Vulkan/OpenGL Next Generation Initiative: unified API for mobile and non-mobile devices.

  • Thread starter Deleted member 13524
  • Start date

Not in the current market environment.

With the introduction of Metal, there is absolutely no isv or ihv that is willing to be caught dead without a low-overhead API in mobile.

Which means a low overhead API for everyone. Which means no OpenGL.
 
Which means a low overhead API for everyone. Which means no OpenGL.

Except in the extremely high margin professional and HPC markets where Nvidia has a very dominant position due to companies being reliant on support for OpenGL. If a new OpenGL with a clean break from the past comes about it opens up an opportunity for competitors that currently does not exist.

So the question becomes how lucrative is the very high margin professional and HPC market and is it worth potentially losing that to chase lower margin (but potentially much higher volume) mobile market? Or can Nvidia carve out a high margin niche in mobile by offering high performance SOCs that use older legacy OpenGL that all competitors aren't as good at optimizing for.

Basically it comes down to a possibility for Nvidia to lose much of their dominance in OpenGL with OpenGL NG as there will likely be much greater input from various IHV and ISV members. Versus past OpenGL which is quite well tailored to Nvidia hardware as well as Nvidia having spent much time and money optimizing for it and building hardware for it.

Regards,
SB
 
Basically it comes down to a possibility for Nvidia to lose much of their dominance in OpenGL with OpenGL NG as there will likely be much greater input from various IHV and ISV members. Versus past OpenGL which is quite well tailored to Nvidia hardware as well as Nvidia having spent much time and money optimizing for it and building hardware for it.
http://www.g-truc.net/post-0672.html

On NVIDIA side, the only bugs that I am aware of are long standing GLSL compiler bugs that NVIDIA doesn't seem to want to resolve because that would break applications. A -pedantic option like GCC provides would be more than welcome for these cases as if we write shader on NVIDIA we are pretty guarantee they won't work on others implementations. AMD has worked around this issue by introducing support for the NVIDIA behaviors which is the worse way to resolve it for the ecosystem.
Riccio latest OpenGL driver review seems illustrative. He says nVidia has some OpenGL bugs in their implementation but refuses to fix them for compatibility reasons. nVidia's popularity is forcing AMD to implement the same bugs in their drivers making nVidia's OpenGL implementation the de facto standard.
 
Except in the extremely high margin professional and HPC markets where Nvidia has a very dominant position due to companies being reliant on support for OpenGL. If a new OpenGL with a clean break from the past comes about it opens up an opportunity for competitors that currently does not exist.

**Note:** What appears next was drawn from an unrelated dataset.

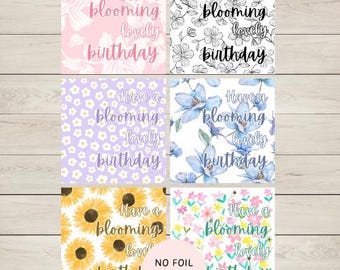 Floral Birthday Card Toppers, Craft Embellishments (6)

So the question becomes how lucrative is the very high margin professional and HPC market and is it worth potentially losing that to chase lower margin (but potentially much higher volume) mobile market? Or can Nvidia carve out a high margin niche in mobile by offering high performance SOCs that use older legacy OpenGL that all competitors aren't as good at optimizing for.

Basically it comes down to a possibility for Nvidia to lose much of their dominance in OpenGL with OpenGL NG as there will likely be much greater input from various IHV and ISV members. Versus past OpenGL which is quite well tailored to Nvidia hardware as well as Nvidia having spent much time and money optimizing for it and building hardware for it.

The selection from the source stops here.